Ahmadinejad barred as Iran Guardians pick the candidates
TEHRAN: Former Iranian leader Mahmoud Ahmadinejad was barred from running in next month’s election Thursday while President Hassan Rouhani was among six candidates approved by Iran’s conservative-controlled Guardian Council, state media reported. The other candidates selected were hardliners Ebrahim Raisi and Mostafa Mirsalim, Tehran mayor Mohammad Bagher Ghalibaf, moderate Mostafa Hashemitaba and Rouhani’s ally and vice-president Eshaq Jahangiri.
Former hardline president Ahmadinejad, who ruled from 2005 to 2013, was barred along with his close ally Hamid Baghaie. Ahmadinejad shocked everyone by registering as a candidate last week against the advice of supreme leader Ayatollah Ali Khamenei-a move which many described as political suicide. More than 1,600 candidates registered to run in the May 19 election, but the Guardian Council only ever selects around half a dozen.
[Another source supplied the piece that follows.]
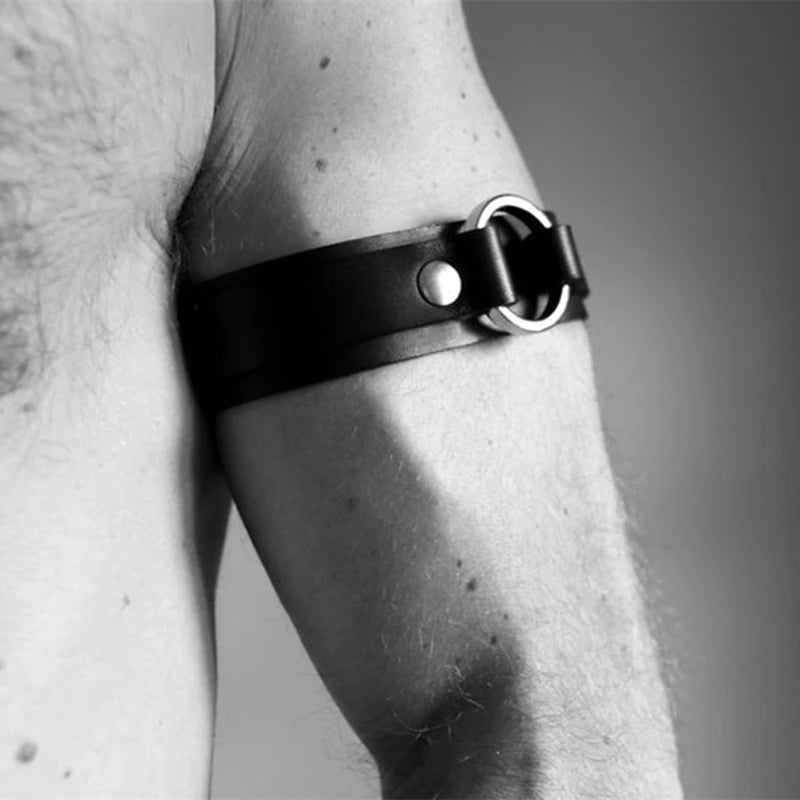 Men Sexy PU Leather Armband Fetish Gay Harness Belts Adjustable BDSM Bondage Body Cage Arm Rings Erotic Rave Cosplay Clubwear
More than 130 women registered but none has ever been allowed to stand. “In Iran, it’s not only an election, it’s also a selection,” said Clement Therme, Iran research fellow for the International Institute for Strategic Studies.
Campaign starts now
Although campaigning was not due to start until April 28, the Guardian Council announced that it could begin immediately. Rouhani, a politically moderate cleric, has won praise since his landslide win in 2013 for taming inflation and reaching a groundbreaking nuclear deal with world powers that ended many sanctions. But disappointment over Iran’s continued economic stagnation is palpable on the streets, creating an opening for conservative opponents.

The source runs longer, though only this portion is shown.